Steampunk coraz częściej gości na ekranach naszych komputerów i bardzo dobrze, gdyż ten napędzany silnikami parowymi podgatunek science-fiction jest miłą odmianą od sztampowego fantasy i współczesnych militarnych klimatów. Jednym z ciekawszych steampunkowych tytułów, które zmierzają na pecety jest zręcznościowe MMO Black Gold. Jego autorzy właśnie wypuścili nowy zwiastun.
Akcja Black Gold osadzona zostanie w świecie łączącym elementy fantasy i steampunka. Wypuszczone jedenaście lat temu Arcanum pokazało, że taki koktajl może być bardzo smakowity. W świecie gry najcenniejszym minerałem jest tytułowe czarne złoto, które jest surowcem energetycznym wykorzystywanym do napędzania zarówno maszyn, jak i magii. A gdy jedna bryła tego materiału wykorzystywana jest jednocześnie przez magię i technologię, to powoduje to wytworzenie tajemniczej czarnej mgły o nieprzewidywalnych właściwościach.
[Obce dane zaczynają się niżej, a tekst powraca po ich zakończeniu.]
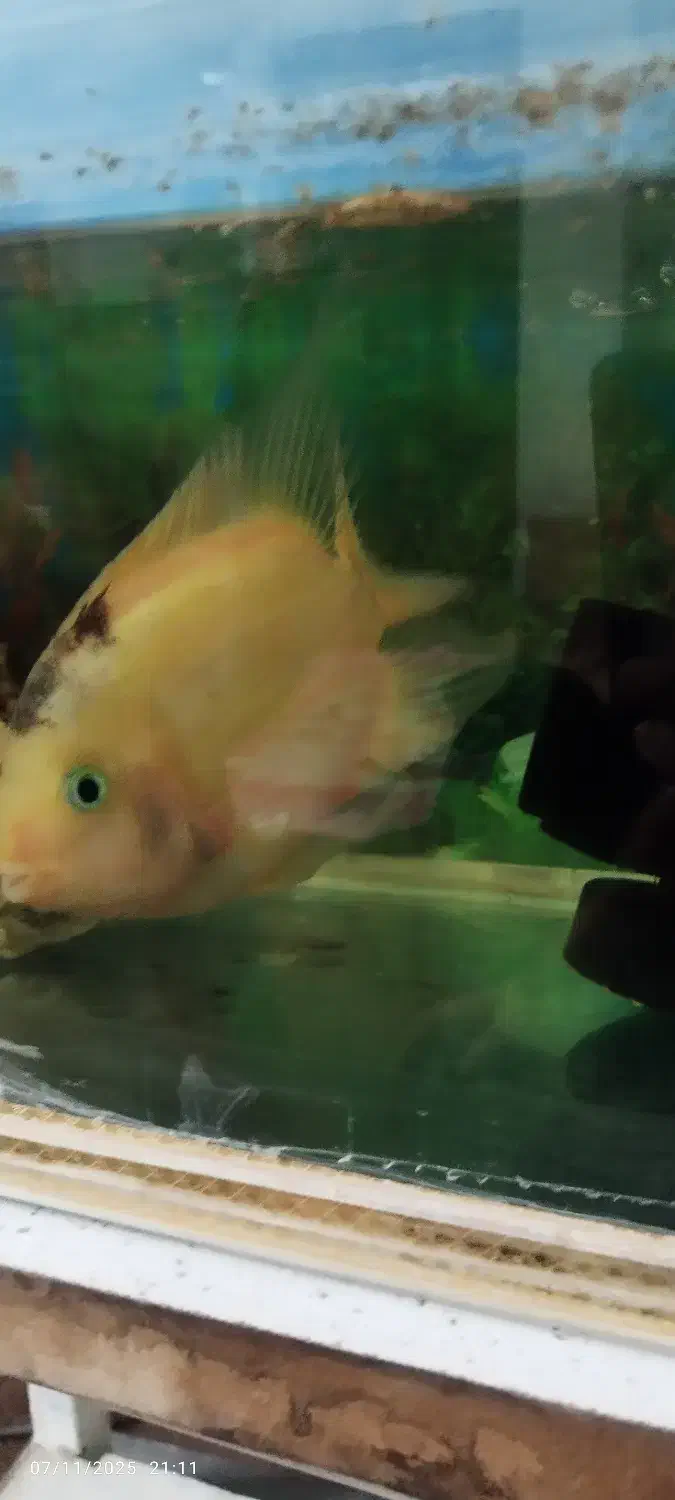 ماهی|ماهی|ری, علایین|دیوار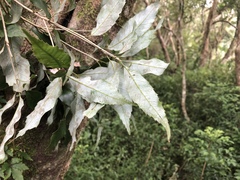 Quercus stenophylloides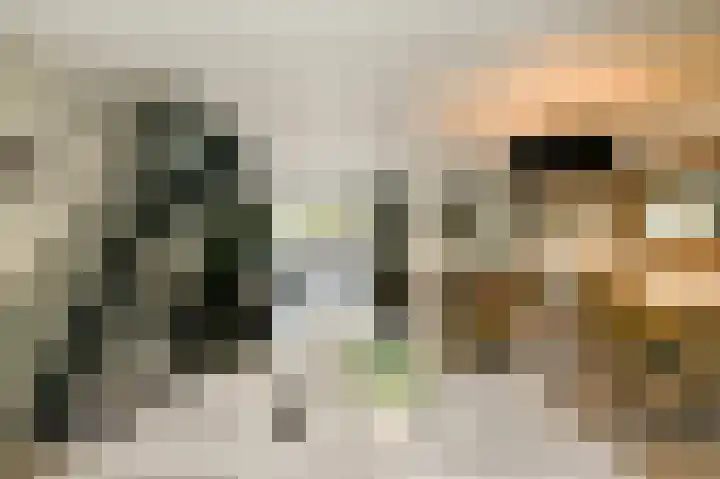 Weerribben 7 Diemen thumbnail 16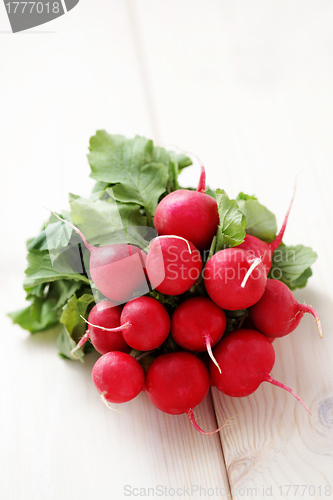 Image of fresh radish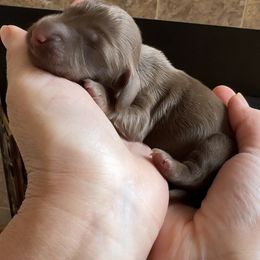 Snowbell (3400) - Chocolate and tan female Dachshund puppy in Steele, Alabama from Taylored Dachshunds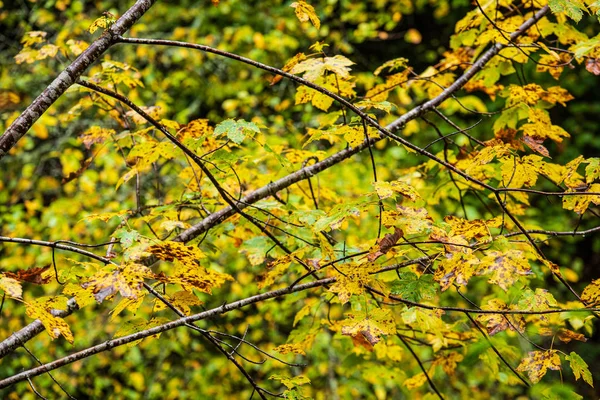 Foglie di albero colorate in autunno soleggiato nella natura — Foto Stock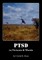 PTSD in Pictures & Words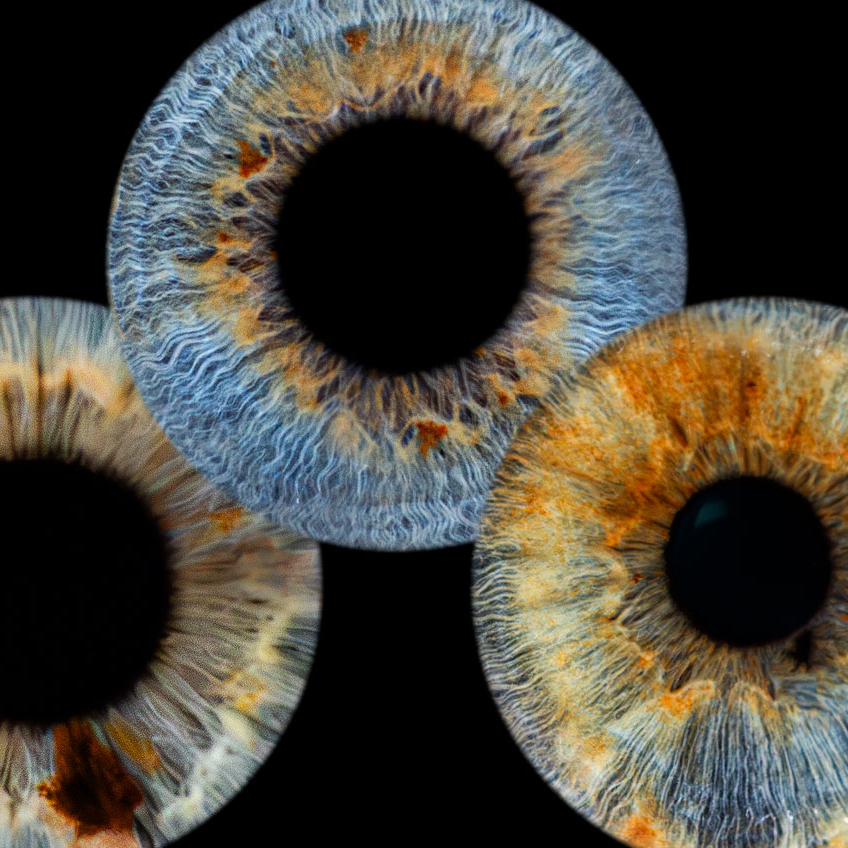 Séance IRIS en Trio (3 pers.)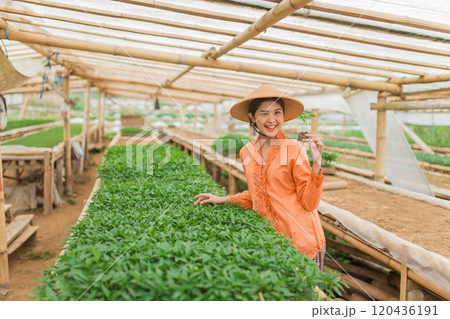 A joyful farmer working in a greenhouse, surrounded by vibrant and fresh vegetables A joyful farmer working in a greenhouse, surrounded by vibrant and fresh vegetables 120436191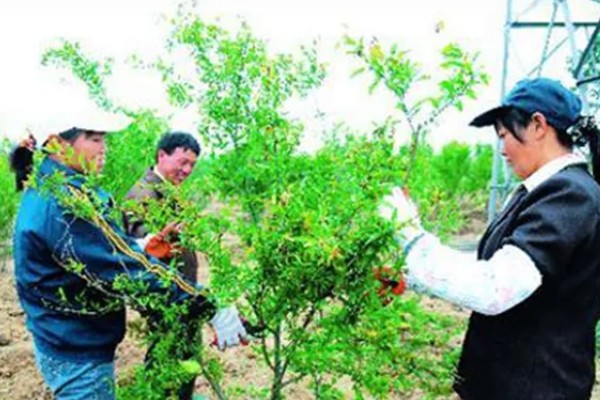 石榴树如何修剪,春季将过长的枝条剪短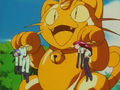 Meowth of the Bouty Guard.png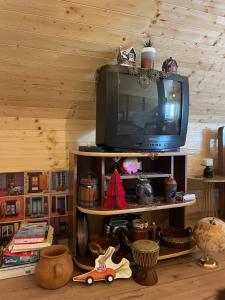 TV a/nebo společenská místnost v ubytování Riza Guest House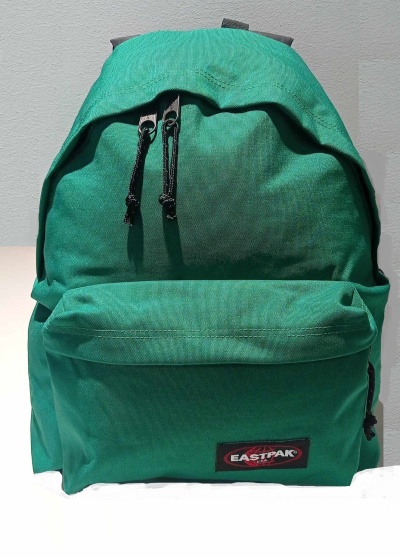 Mochila Eastpak Padded Pak´R Kurlywurly Green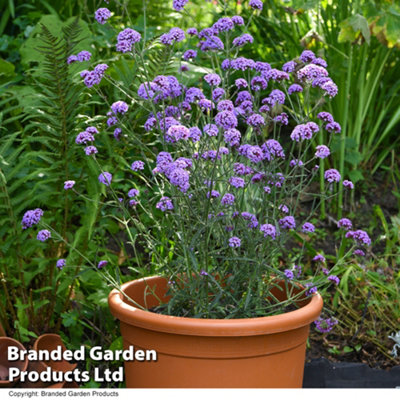 Verbena Royal Dreams 30mm Plug Plant x 1 - 3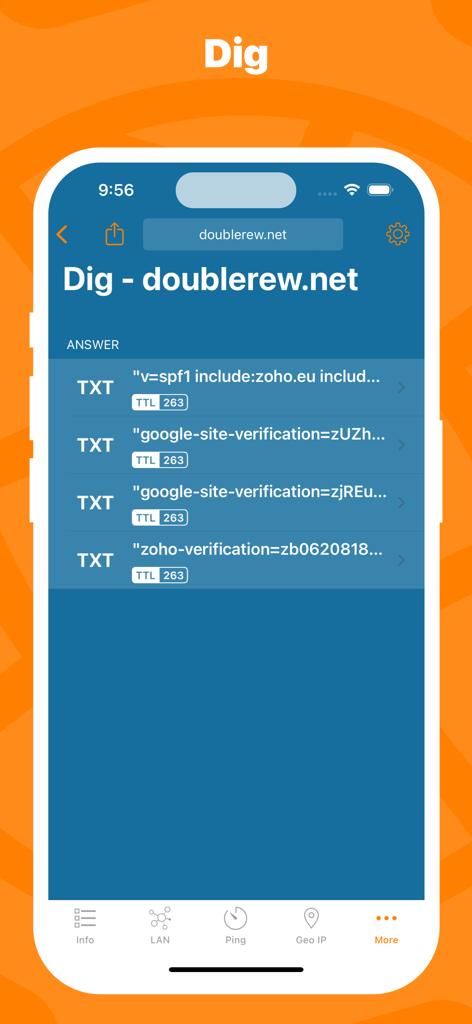Interface of the Network Utility app showing DNS Dig results including TXT records for a domain.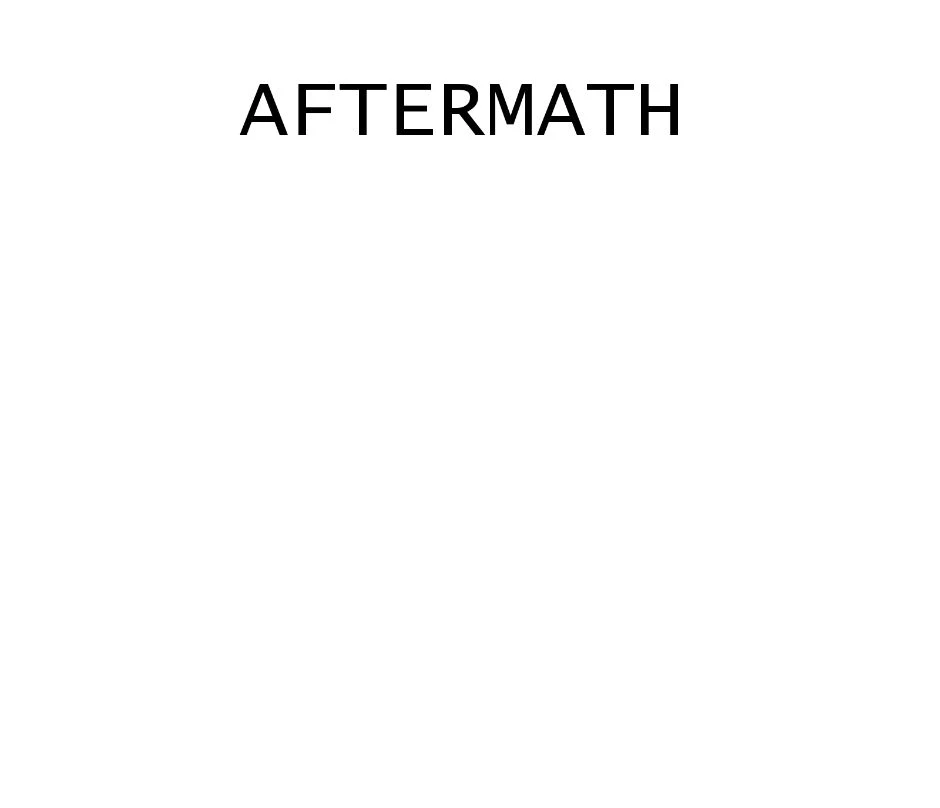Chapter 1 - Aftermath, página 3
Przygotowane przez autorów uniwersum obejmuje dwa kontynenty, oddzielone łańcuchem gigantycznych gór. Ich wysokość powoduje, że słońce dociera jedynie na wschodnie ziemie nazwane Erlandir, gdzie dominuje magia. Natomiast na zachodnim kontynencie, czyli Isenhorst, panuje wieczna noc i jego mieszkańcy oparli woją cywilizację na wykorzystaniu maszyn. W momencie rozpoczęcia akcji gry w Isenhorst powoli kończą się złoża węgla, wykorzystywanego przez silniki parowe. Władający tym mocarstwem król Beltain wypowiada więc wojnę wschodniemu sąsiadowi, aby przejąć jego bogate w czarne złoto terytoria, gdyż ten surowiec jest znacznie bardziej wydajny niż węgiel.
Jak w każdym MMO zabawę zaczniemy od stworzenia postaci. Wpierw musimy wybrać czy dołączymy do Erlandir czy Isenhorst. Decyzja ta wpływa na dostępne grywalne rasy. Obie frakcje posiadają w swoich szeregach ludzi. Stając po stronie Erlandir możemy także wcielić się w czczącą boga słońca rasę Kosh o szpiczastych uszach i lub też zostać pałający się magią szamańską i przypominającym człekokształtnego niedźwiedzia Brute’em. Natomiast w szeregach Isenhorst znajdziemy również krasnoludy i wampiry. Następnie wybierzemy jedną z osiemnastu dostępnych klas.
System walki gry ma być w dużym stopniu zręcznościowy. Sami będziemy musieli wycelować każdy cios i własnoręcznie wykonywać uniki. Co ciekawe, również sterowane przez komputer jednostki w trakcie misji PvE będą wykazywały się sporą aktywnością i zamiast stać w miejscu mają stosować akrobatyczne uniki i pomysłowe kontrataki. Podczas walki frakcja Isenhorst wykorzysta napędzane parą mechy (i wtedy zabawa przypominać będzie uproszczonego MechWarriora), podczas gdy Erlandir zrobi użytek z magicznych bestii, takich jak np. smoki.
Potwierdzono już, że Black Gold doczeka się angielskiej wersji, choć na razie nie wiadomo kiedy możemy się spodziewać jej premiery.